Textadept Language Lexers

Impression and tips on extending language support


It is beginning to look like I will be writing an article on Textadept for the coming weeks or months to come. As to keep things simple, here is part three of what I’m now calling: “The Ever Expanding Series on Textadept Guides, Tips, and Tricks.” Abbreviated as TEESOTGTAT… or humanly understandable, TGTT. What can I say? I love the darn text editor.

A little back story, again. A few ages ago, before my enlightenment on Textadept, I gained a massive fear of writing language lexers for text editors. It was never because I did not have the ability to do so, but because the process was so darn extravagantly complex for some, it became an annoyance to finish or start them. I would start each time optimistically. Yet after a few days(weeks), I end up with a mesh of regular expressions that would become self aware and still not be done with my ‘attempt’ at a new language lexer. To give some credit however, many of my tries did get close to what I envisioned for the language lexer, but never did they reach a level I felt comfortable publishing. As a programmer(commonly known as a person suffering from OCD) it was frustrating to not finish a lexer and I ended up not trying anymore. Then came Textadept.

What makes Textadept so special in lexer language writing is the fact it uses parsing expression grammar(PEG) for the syntax parsing. If you never used PEGs, the syntax isn’t hard to learn, but is not even required to know for making lexers on Textadept. In fact, thanks to the extensive abbreviations done for you on Textadept, you can make a lexer without ever knowing much of PEGs. All you really have to do is look over the excellently written piece at the API section for lexers on Textadept to get started.

However if you want to make something well, do yourself a favor and watch Roberto’s presentation on LPEG(Lua’s PEG interpretation) or take a few moments of your time to read through the LPEG reference manual. PEGs happen to be a complete joy to use, as opposed to regular expressions(regex), for programming language parsing. The layman’s reason is that the PEG standard is spectacular powerful in programming language parsing due to memoization. It is practically built exclusively for the ability. Memoization allows PEGs to parse syntax grammar quite precise with very little to zero redundancy in the interpretation.

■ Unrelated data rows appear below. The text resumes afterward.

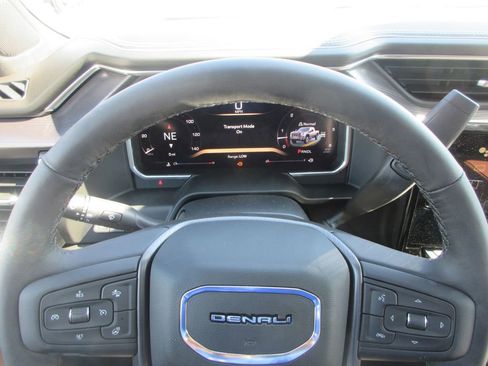 New 2026 GMC Sierra 3500 Denali Ultimate AWD/4WD image 19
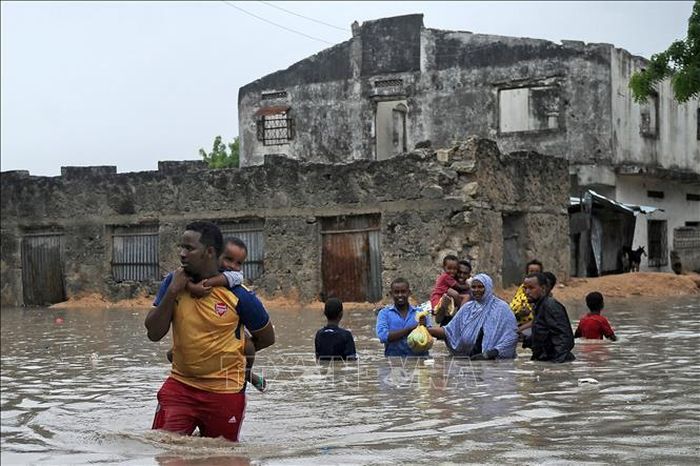 Người dân sơ tán khỏi vùng ngập lụt tại Mogadishu, Somalia. Ảnh (tư liệu): AFP/ TTXVN
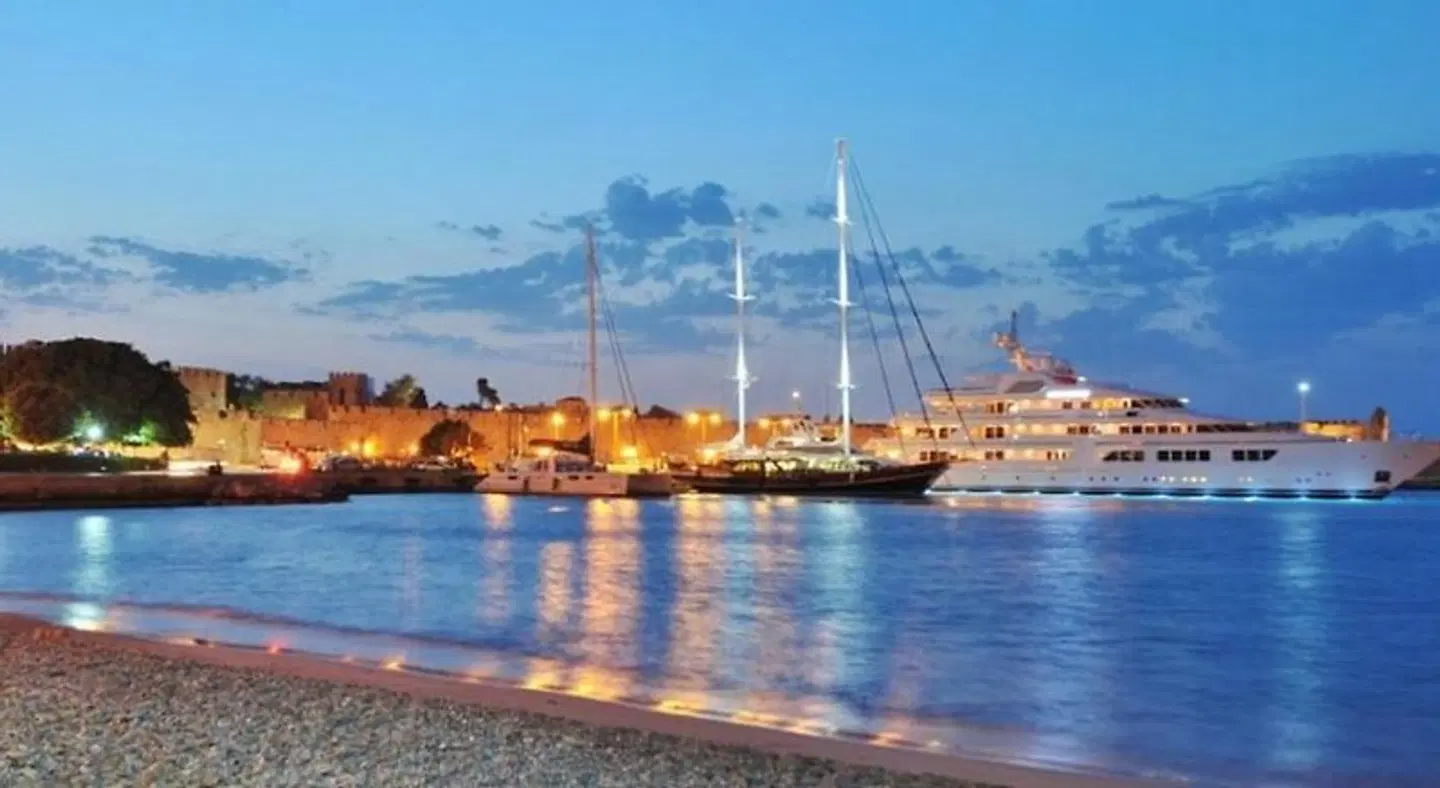 3 Charites Old Town Strand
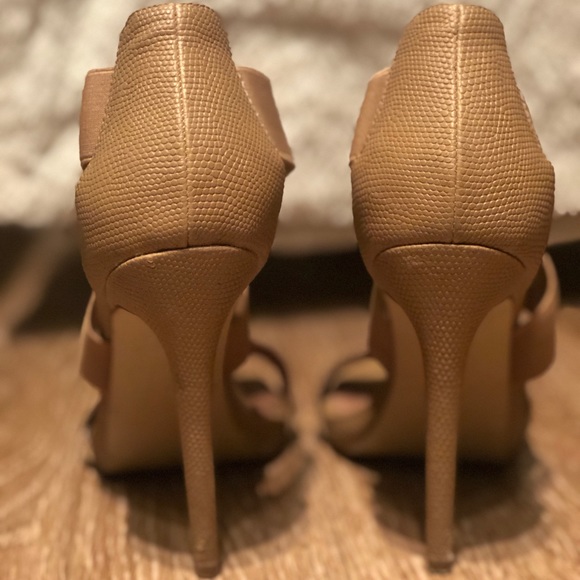 Steve Madden Maarla Dress Pump - Picture 3 of 8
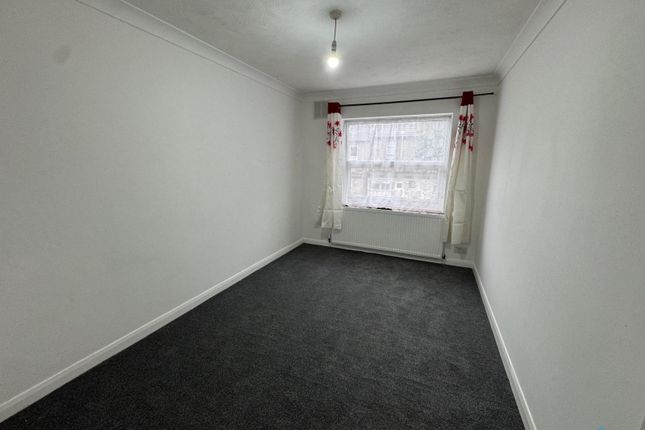 74C Argyle Road, Ilford photo 4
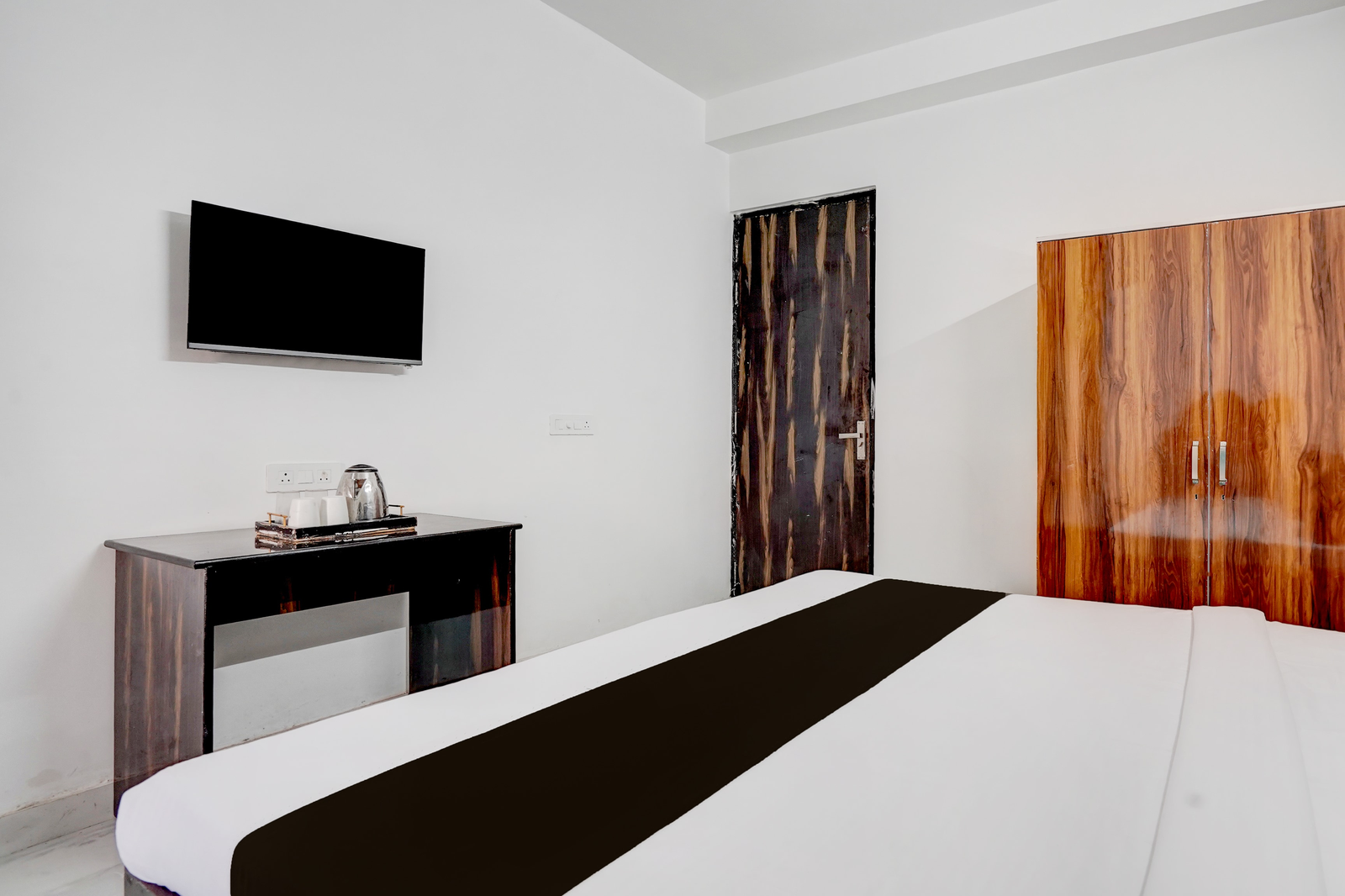 collection o sector 7 rohini formerly giriraj residency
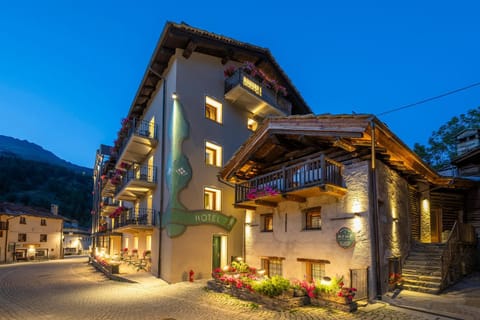 Property building, Night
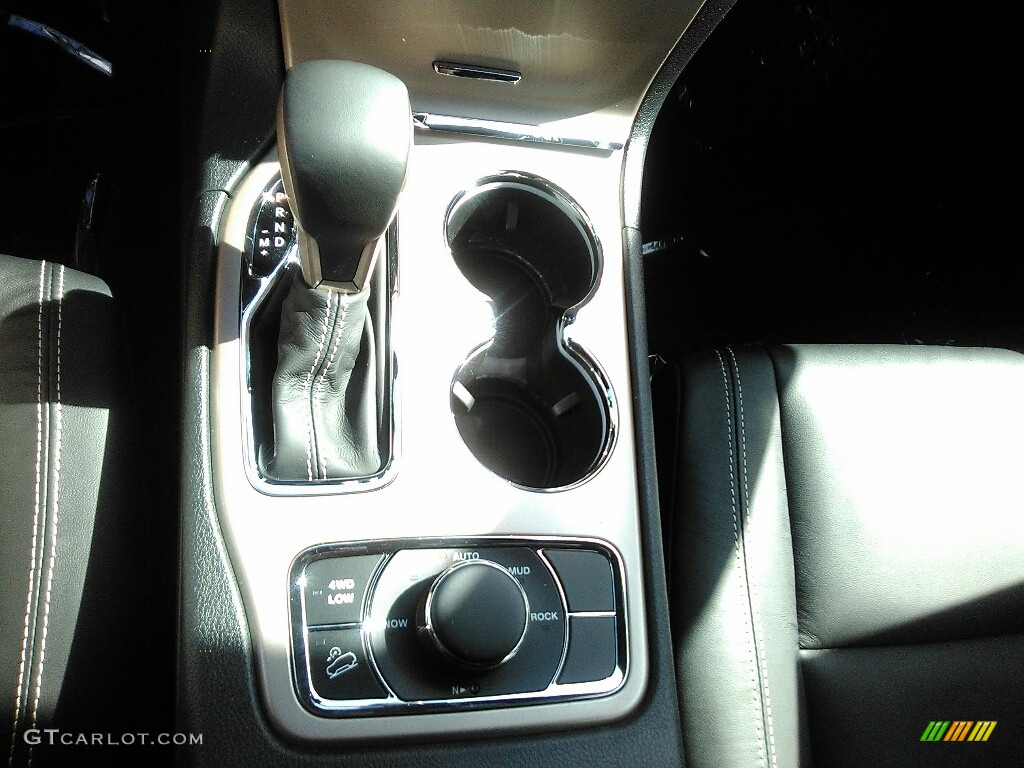 2017 Grand Cherokee Limited 4x4 - Diamond Black Crystal Pearl / Black photo #7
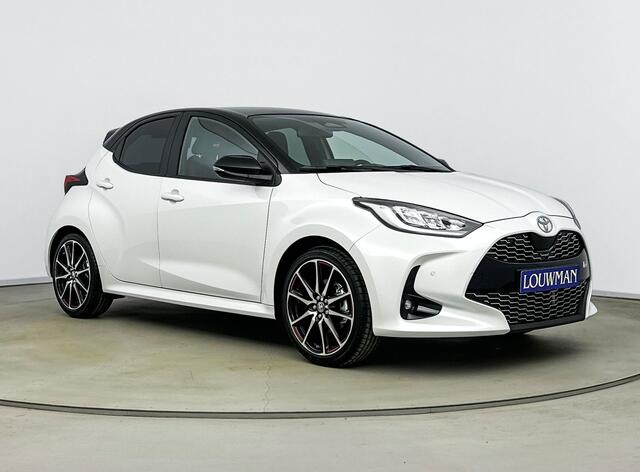 Toyota YARIS 1.5 Hybrid 130 GR Sport | Premium pack | Stuur/Stoelverwarming | Dodehoekdetectie | JBL |* | Direct leverbaar |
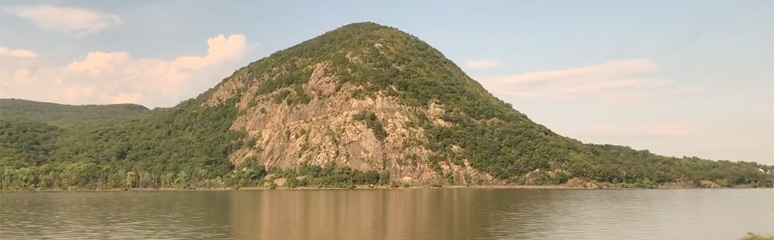 Storm King Mountain on the Hudson River valley, seen from the Lake Shore Limited train to Chicago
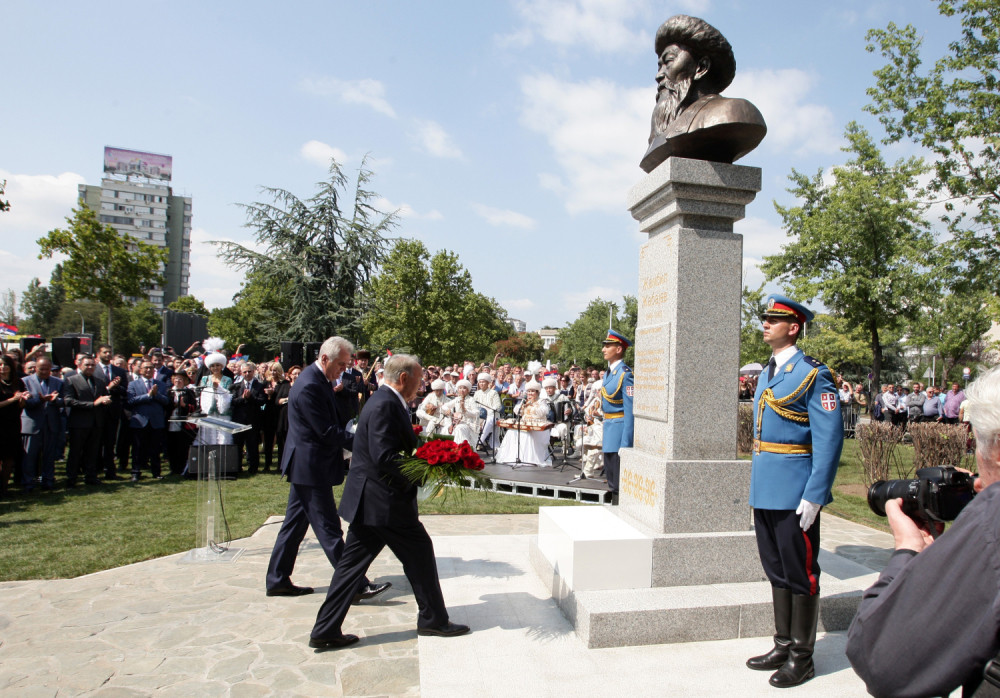 Otkrivena bista kazaškog pesnika (FOTO)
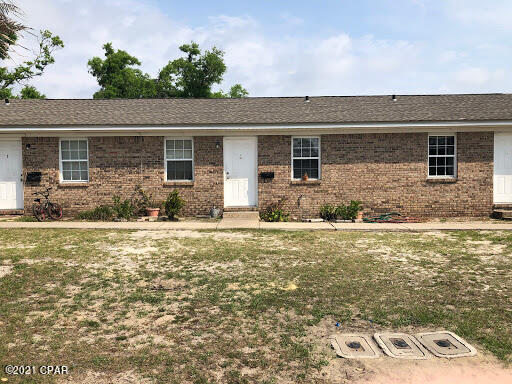 [No Recorded Subdiv] - Residential Lease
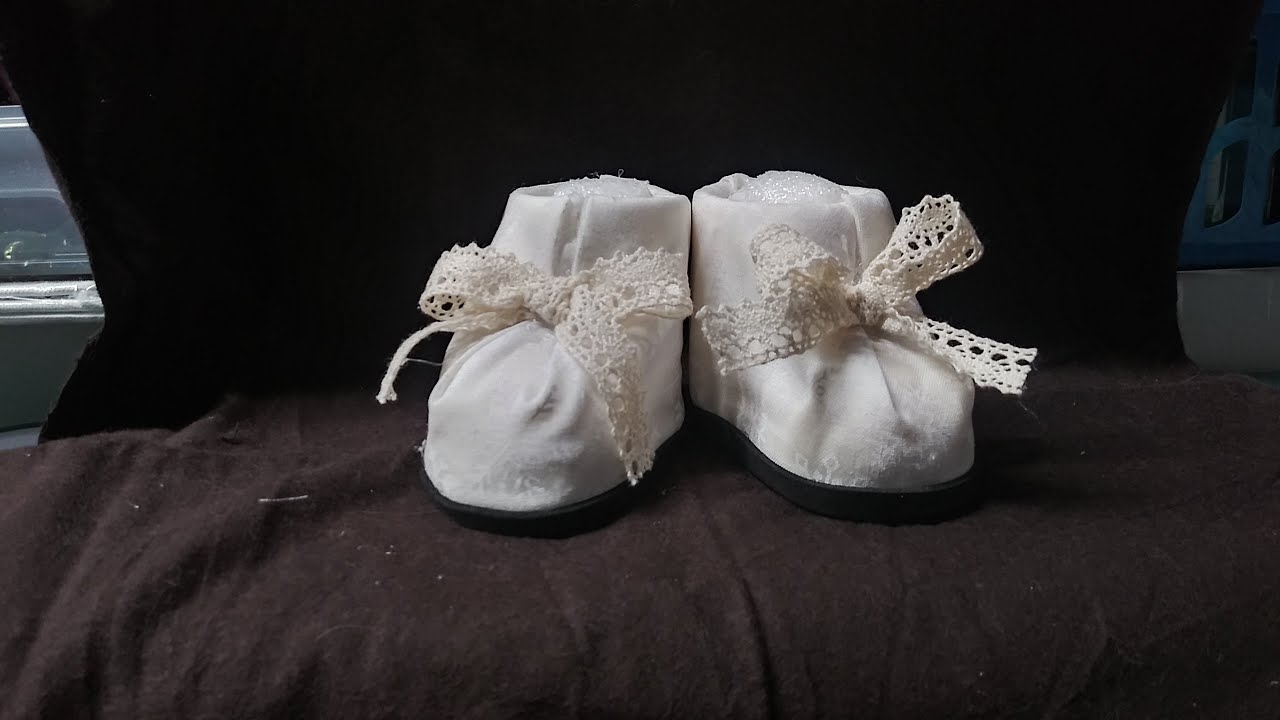 DIY Gnome Shoes Tutorial no need for hobby lobby Christmas shoes YouTube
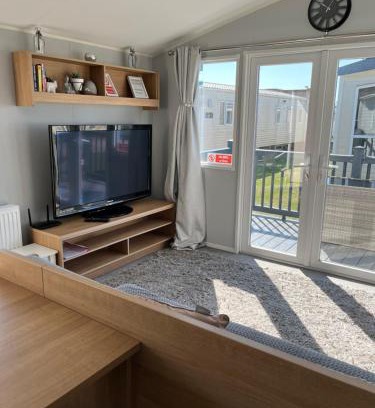 Walton on the Naze Other | Stylish 3 Bedroom caravan near the Beach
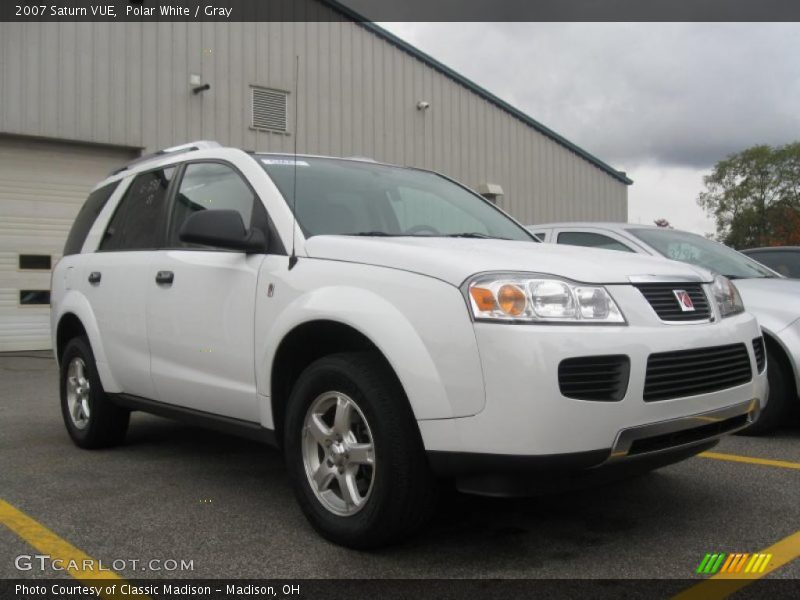 Polar White / Gray 2007 Saturn VUE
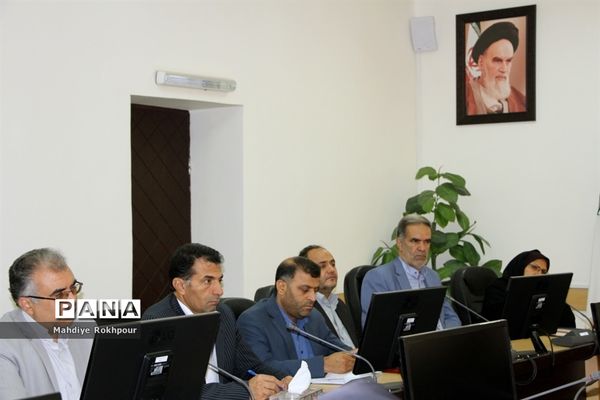 چهارمین نشست کارگروه ساماندهی ونظارت بر لباس فرم مدارس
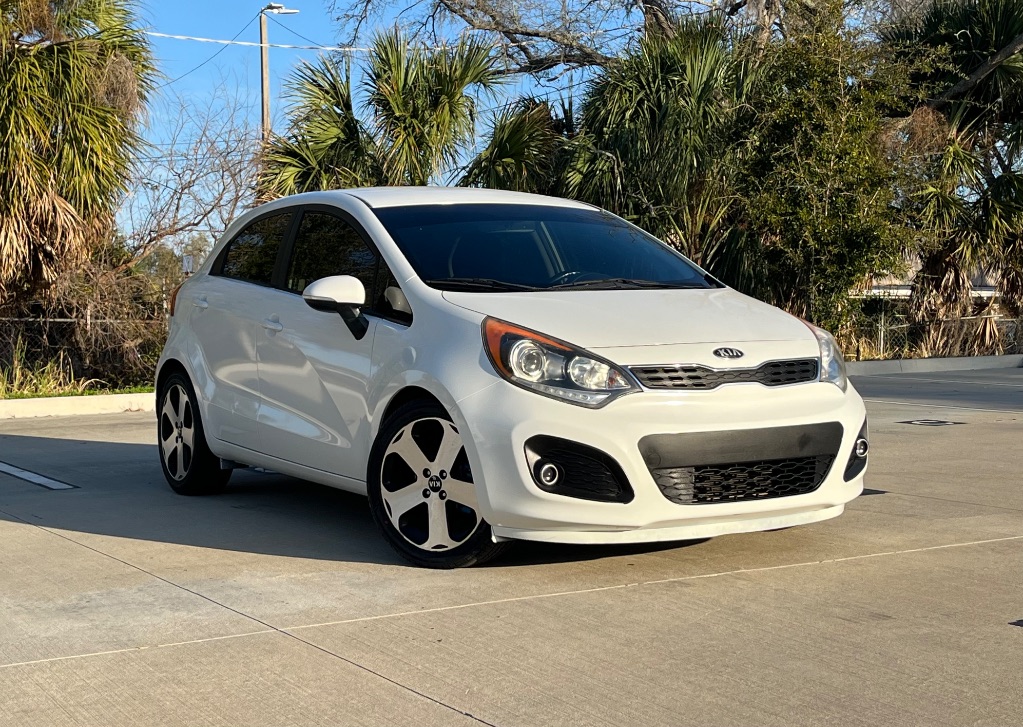 2015 Kia Rio 5-Door SX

The fact that Textadept uses PEGs for language parsing makes writing an entire lexer a breeze. To give an example. My Rust lexer, which holds EVERY single context and definition of the language, has 92 lines, including whitespace, comments, and formatting I tend to use. Heck, the default ANSI C has 73 lines.

I won’t try to explain on how to actually make a lexer since the lexer api is so elegantly written and easy to follow. Instead, I’ll leave you with a couple tips that I tend to follow when writing a lexer for Textadept.

The first tip when writing a lexer is to look at a language’s lexer that is already written which is similar to your language’s syntax. You can save a lot of time in trying to figure out how to get say ‘brackets folding’ correctly with only using the reference on how it’s done on a similar language. As an added bonus, it also helps you see the best practices on how to write your lexer.

Another tip I have for you is a follow up on the first. If the language lexer you are writing is actually just an embedding of a couple of other languages, then use the embedding syntax of Textadept. Don’t go and write an entire lexer for multiple languages, just to find out you could’ve embed them in under 20 lines.

The same can be said in use of an alias for a lexer. Save yourself the trouble and time and just use the alias. My Linux kernel module is literally a one liner alias to `ansi_c`:

return require(“lexer”).load(“ansi_c”, “linux”)

Next, when writing your lexer, try to separate the parsing done to single expressions. The power in LPEG and PEGs in general is that you can separate a parsing expression to how ever many lines you wish. Then combine with the conditional operators `+` or `*` the expressions. Doing the syntax parsing as such can also help you clearly identify what’s going on.

-- Strings
local sq_str = P(‘L’)^-1 * l.delimited_range(“’”)
local dq_str = P(‘L’)^-1 * l.delimited_range(‘”’)
local raw_str = “##” * (l.any — ‘##’)^0 * P(“##”)^-1
local string = token(l.STRING, sq_str + dq_str + raw_str)

Above is a quick example of separation of the parsing expression for all the ways strings are written in Rust. The first three lines are expressions for each type of string. The last line is where I collect all the expressions I defined to use as the pattern for strings.

Lastly. Don not be afraid of writing a language lexer for Textadept. It really is easy and is one of the major powers of the text editor that very few others have.

So what you waiting for!? Open up Textadept, make a new lexer file, and follow the lexer reference guide to get started!